Together is the third album by the San Francisco psychedelic rock band, Country Joe and the Fish, released in 1968. Before recording, Country Joe McDonald briefly left, so for developments with the band, they were addressed just as "The Fish". McDonald would return in time for recording sessions so the name change was relatively brief. Although it was not considered their strongest work, especially since McDonald's superior songwriting presence was absent, Together still was the most financially successful output from the band.
Melton and "Chicken" Hirsh take the role as main songwriters, creating variously different tracks in regards to style. The album begins with a tribute to James Brown with the track "Rock and Soul Music". From there, the band continues its development of psychedelic music with the theme of love and life for their songs. Evidently, the band were still against the Vietnam War as the track "Untitled Protest" suggest. The organ played on the song was called "Death Mantra", the name bestowed upon by McDonald. With the success of the album, the band embarked on a national tour that was also dubbed a success thanks, in part, to their light shows.
Country Joe would not be involved in tracks two and five and would be filled in by studio musicians. This is a beginning of the personnel changes involved with the band's next two albums. Barthol would leave in the following month and Cohen and Hirsh would follow out in January 1969.
Country Joe and the Fish was an American psychedelic rock band formed in Berkeley, California, in 1965. The band was among the influential groups in the San Francisco music scene during the mid- to late 1960s. Much of the band's music was written by founding members Country Joe McDonald and Barry "The Fish" Melton, with lyrics pointedly addressing issues of importance to the counterculture, such as anti-war protests, free love, and recreational drug use. Through a combination of psychedelia and electronic music, the band's sound was marked by innovative guitar melodies and distorted organ-driven instrumentals which were significant to the development of acid rock.

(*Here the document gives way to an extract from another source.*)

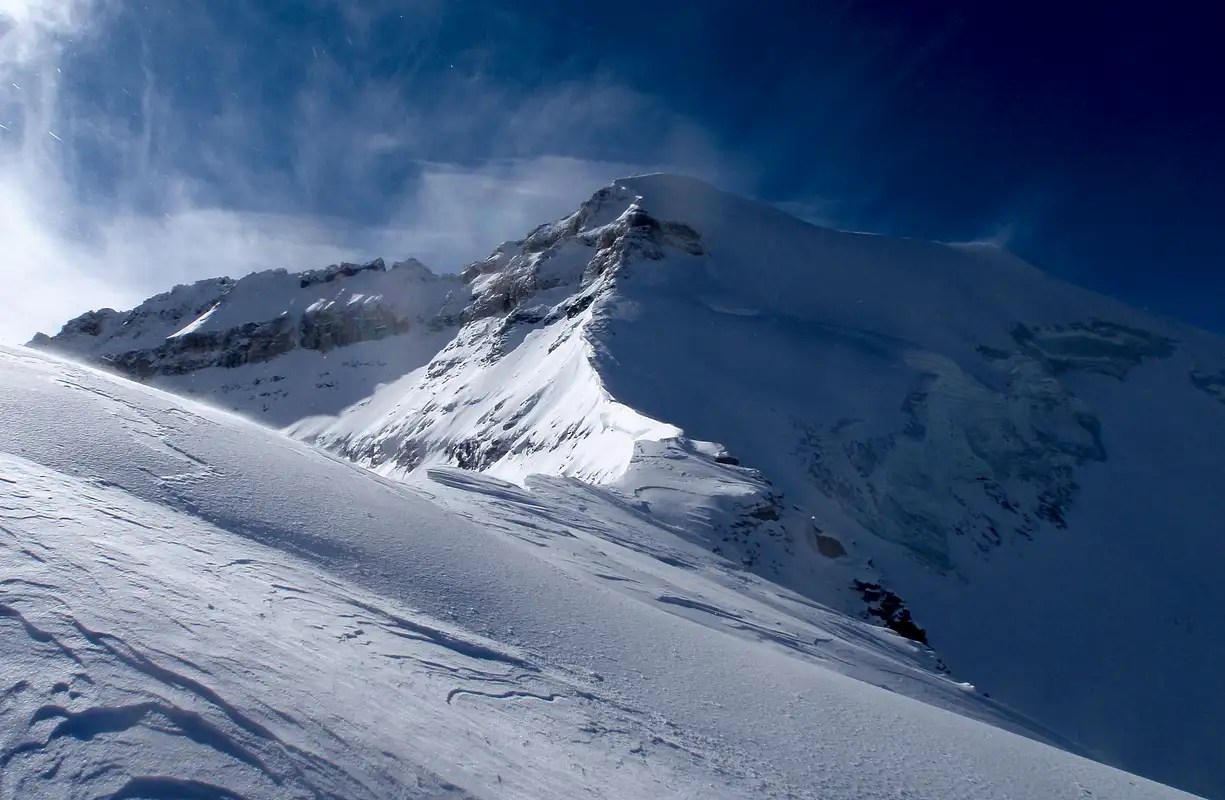 Mt. Victoria, North Summit Climbing, Hiking & Mountaineering SummitPost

The band self-produced two EPs that drew attention on the underground circuit before signing to Vanguard Records in 1966. Their debut album, Electric Music for the Mind and Body, followed in 1967. It contained their only nationally charting single, "Not So Sweet Martha Lorraine", and their most experimental arrangements. Their second album, I-Feel-Like-I'm-Fixin'-to-Die, was released in late 1967; its title track, with its dark humor and satire, became their signature tune and is among the era's most recognizable protest songs. Further success followed, including McDonald's appearance at Woodstock, but the group's lineup underwent changes until its disbandment in 1970. Members of the band continue in the music industry as solo recording artists and sporadically reconvene.